The origin of the Aspect-Emperor. As much as Achamian desires this knowledge to judge Anasurimbor Kellhus, would not the Unholy Consult covet it even more?

She has seen the Wizard with the Judging Eye-seen his damnation. At the time she simply assumed that sorcery was the cause, that contrary to her stepfather's claims, sorcery remained the unpardonable sin. And this seemed to lend credence to Achamian and his desperate case against the man who had stolen his wife. But what if this wasn't the case? What if this very quest was the ground of his damnation? There is poetry in the notion, as perverse as it is, and this more than anything else is what hones her fear to a cutting edge. To strike out in the name of love, only to inadvertently unleash the greatest terror the world has ever seen. When she mulls the possibility, it seems to smell of the Whore through and through... at least from what she has seen of Her.

This is what makes telling the Wizard all but impossible. What was she supposed to say? That his life and the lives of all those his deceptions have killed have been in vain? That he is a tool of the very apocalypse he hopes to prevent?
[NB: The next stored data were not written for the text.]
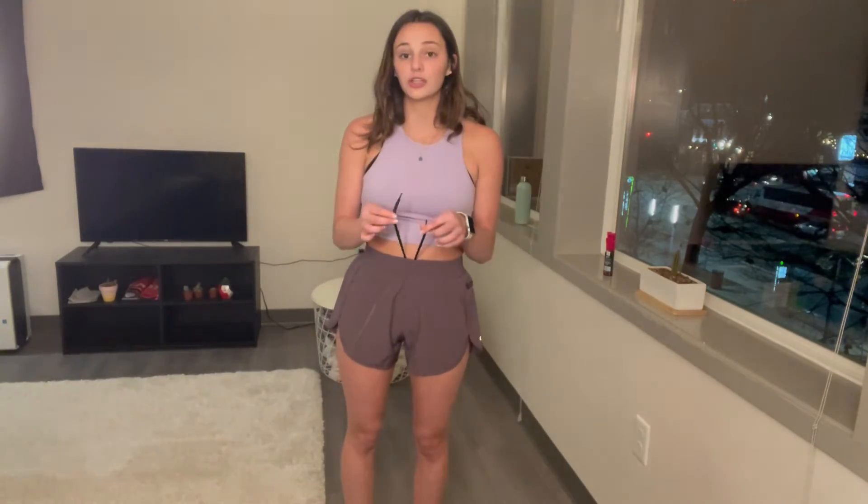Another great thing is that these shorts have an elastic band, and with that elastic band are two strings. For a smaller waist you can tighten the strings, and for a bigger waist it is elastic so it does stretch out, but the string is really helpful for tightening and making the waist smaller.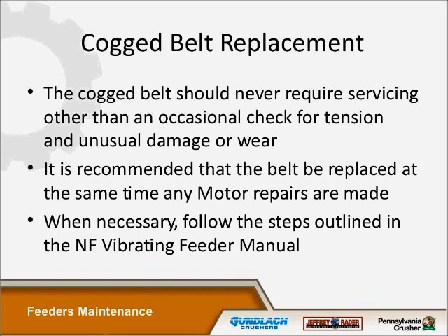This is the cog belt replacement. The cog belt should never require servicing other than a periodic check for tension and unusual damage, which is true. But sometimes the sprockets just wear — in my customers' area, coal dust gets in there and eats the sprockets up, causing the teeth to jump on the sprockets. We do replace sprockets and belts quite a bit in the coalfields of West Virginia. It is recommended that the belt be replaced at the same time motor repairs are made. When necessary, follow the steps outlined in the NF vibrating feeder manual — everything we've talked about is in the manual that comes with the feeder.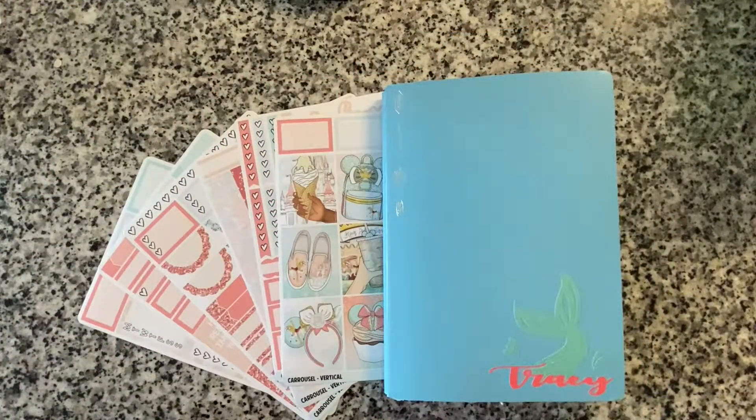Welcome back to Savvy Charmed Life. I'm Tracy and today we're going to be doing my week one plan with me for February 2021 in my A5 Stalogy bullet journal.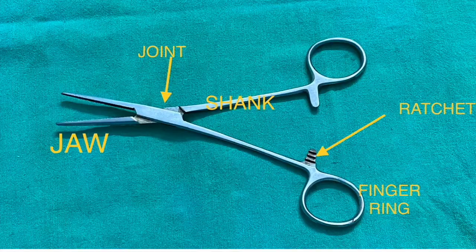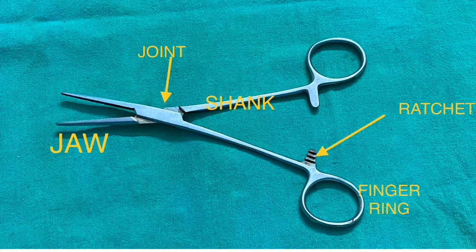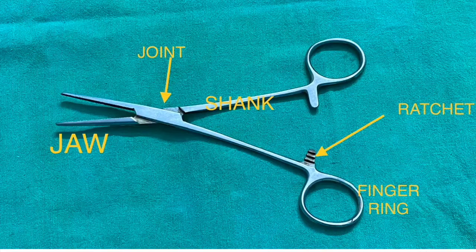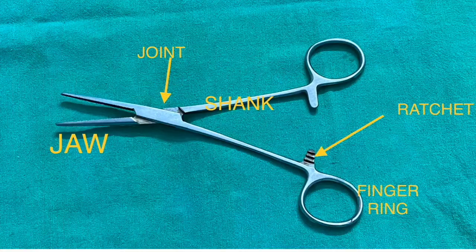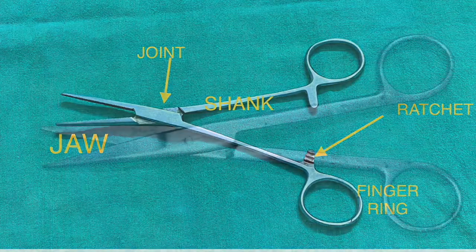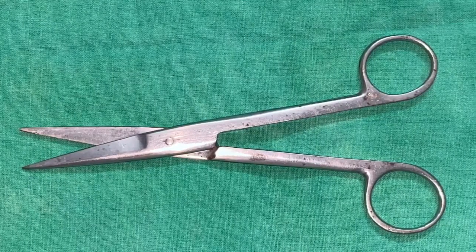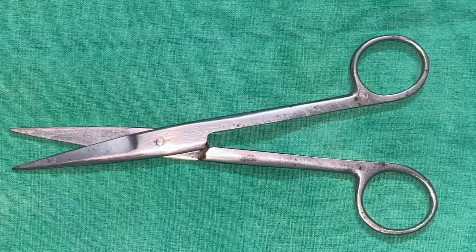You can see ratchets here — those ratchets are used to lock the instrument. The next part is the finger grip, the parts where we introduce our fingers to hold the instrument. This is a sharp instrument where both shafts are joined with a screw.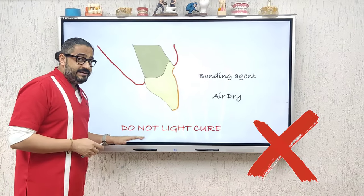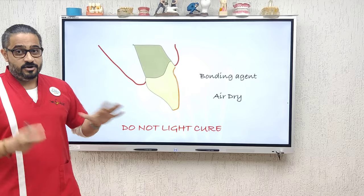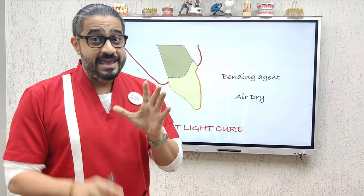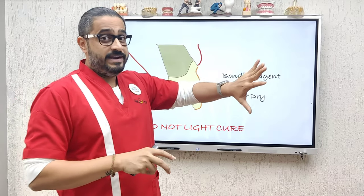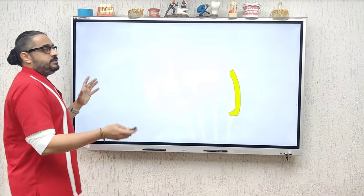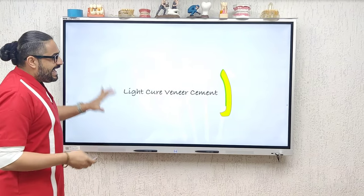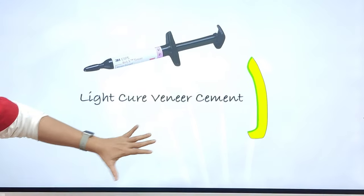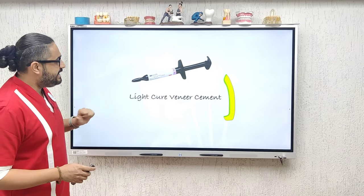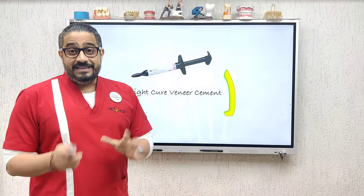Very important: please do not light cure this bonding agent. If you light cure it, there is a possibility your veneer may not seat completely. That is why even your chair light should not be focused on the prepared tooth. Now go ahead and take your light cure veneer cement. There are lots of them available in the market. The one I prefer comes from 3M — it is Rely X veneer cement. These are light cure only; please do not use dual cure cements.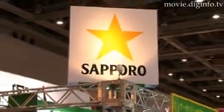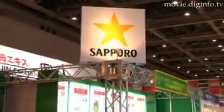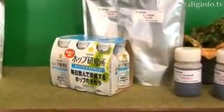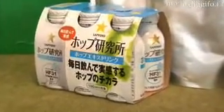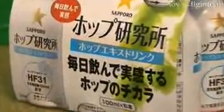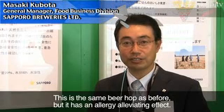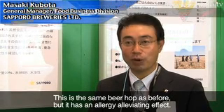Beer has been reborn as a natural food product with few bitter ingredients. The CZ series, which uses a hop extract developed by Sakura Beer, is a new beer with few bitter ingredients that has a pollen allergy alleviating effect.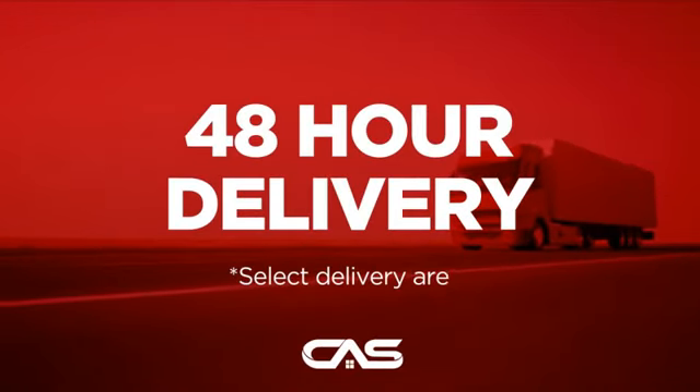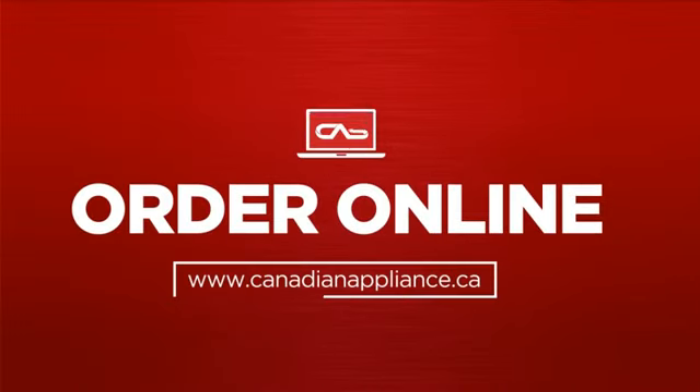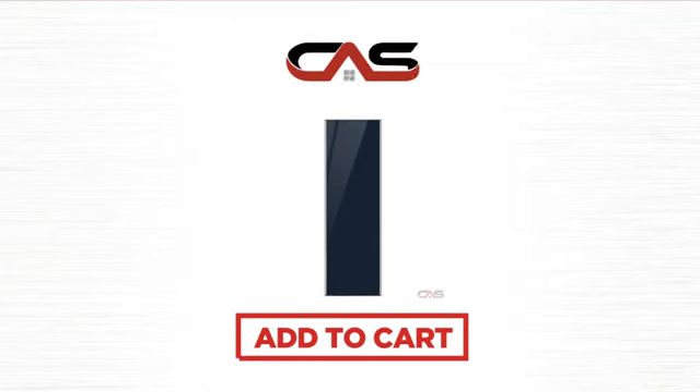Plus, it can be delivered within 48 hours. Order online or get it at one of our showrooms in Canada. Click to order now or check out our hot deals at Canadian Appliance Source.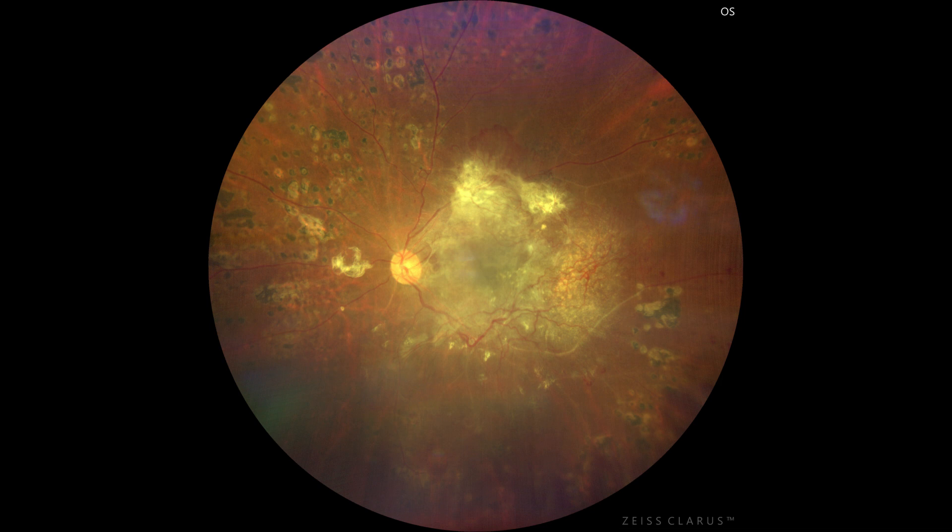A 42-year-old male presented with proliferative diabetic retinopathy with extensive fibrovascular proliferation overlying the posterior pole and macula. His best corrected visual acuity was 3/60. He was advised vitrectomy, and preoperative anti-VEGF was given three days prior to surgery.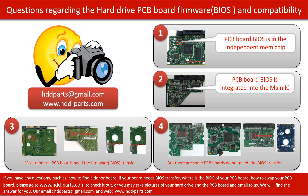The third picture shows some of these PCB boards. But there are some hard drive PCB boards that do not need the BIOS transfer. As long as the donor boards are identical with the original boards, you can swap the boards directly. The fourth picture shows some of these kinds of boards.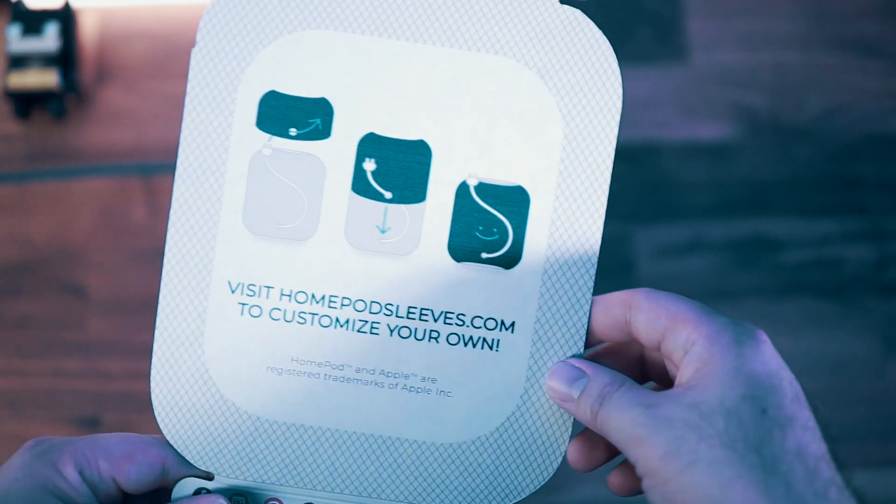The cool thing about their website too is they do custom sleeves. I haven't had a chance to make one myself — you always got to think of the design, what you want to put on your HomePod. But a custom sleeve that you can just put on your HomePod, that's really cool. Custom is $60, and the regular sleeves are $50, which I think is a good price.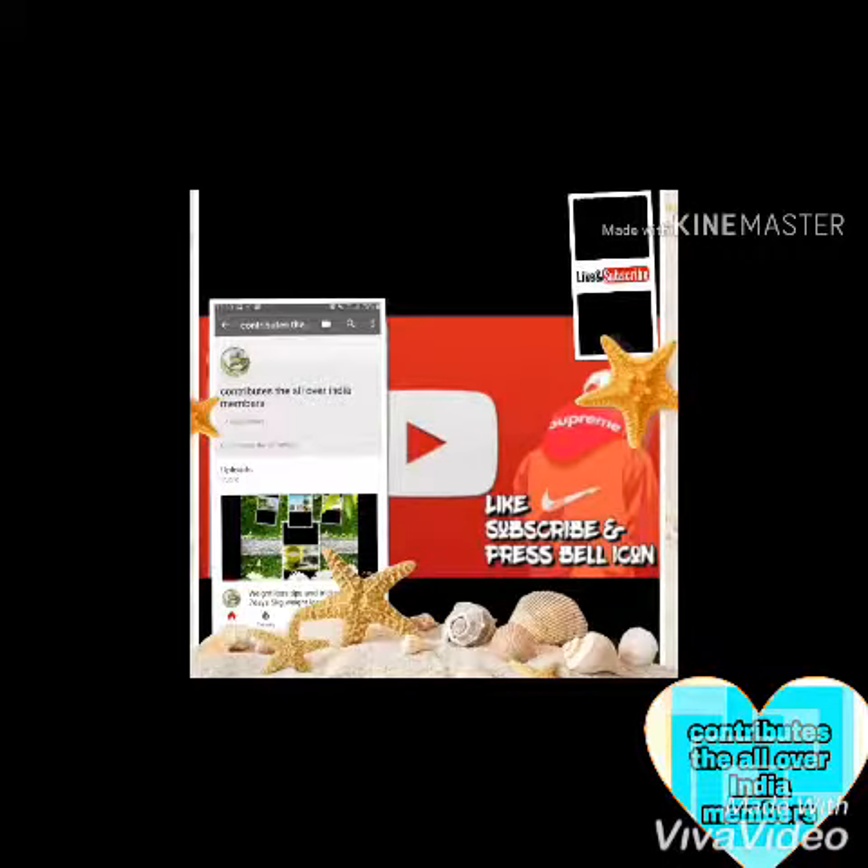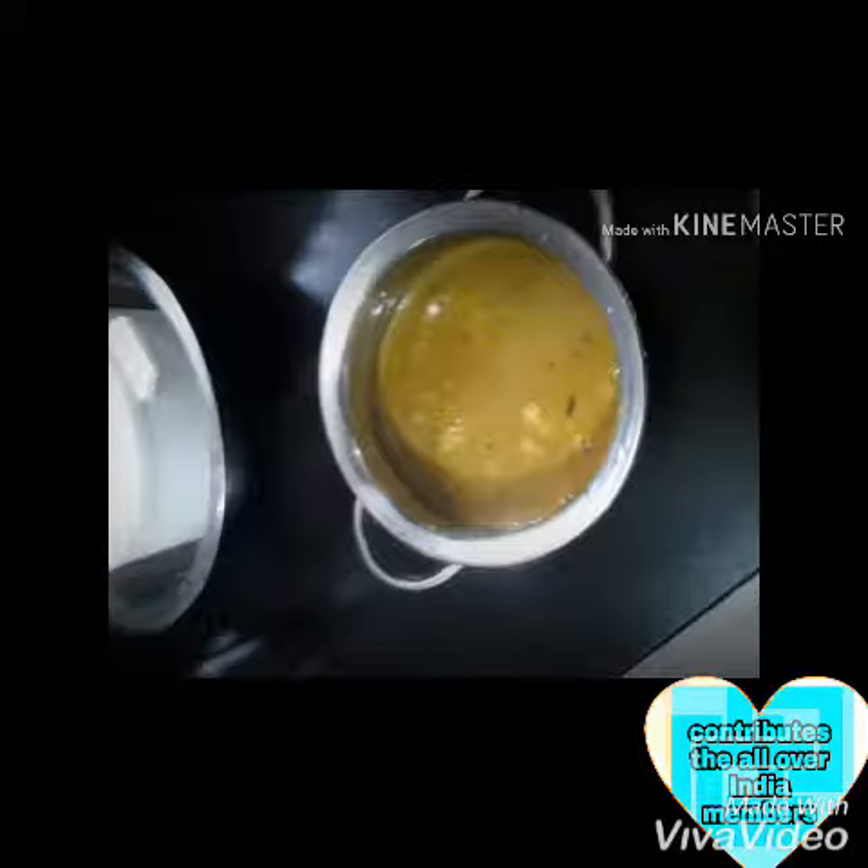Please like and subscribe to the channel. If you want to know more about your channel, please like and subscribe.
No. She will not speak what cannot be heard. Soma would have to remain her secret, at least for the immediate future. She needs to discover more before going to the Wizard...

- - Kill the Captain...

She knows this creature. She can number the bones in its false face. She even knows the questions that will confuse it, hint at the absence that is its soul. It stands upon a different field of battle, vast and spectral and devious with a thousand years of patient calculation. And for some reason, it needs Lord Kosoter to be a casualty of that cryptic battle.

Kill the Captain. Understand this command, she realizes, and she will understand Soma's design.

She has watched the slow transformation of loyalties and rivalries within the company. She has seen the glint of sedition in Galian's eyes. She has noticed the way Achamian has come to accept, even prize, the Captain and his ruthless methods. Lord Kosoter will deliver them to the Library of Sauglish-despite all the perils and uncertainties. He is simply one of those men, possessed of a will so cruel, so domineering, that the world could not but yield.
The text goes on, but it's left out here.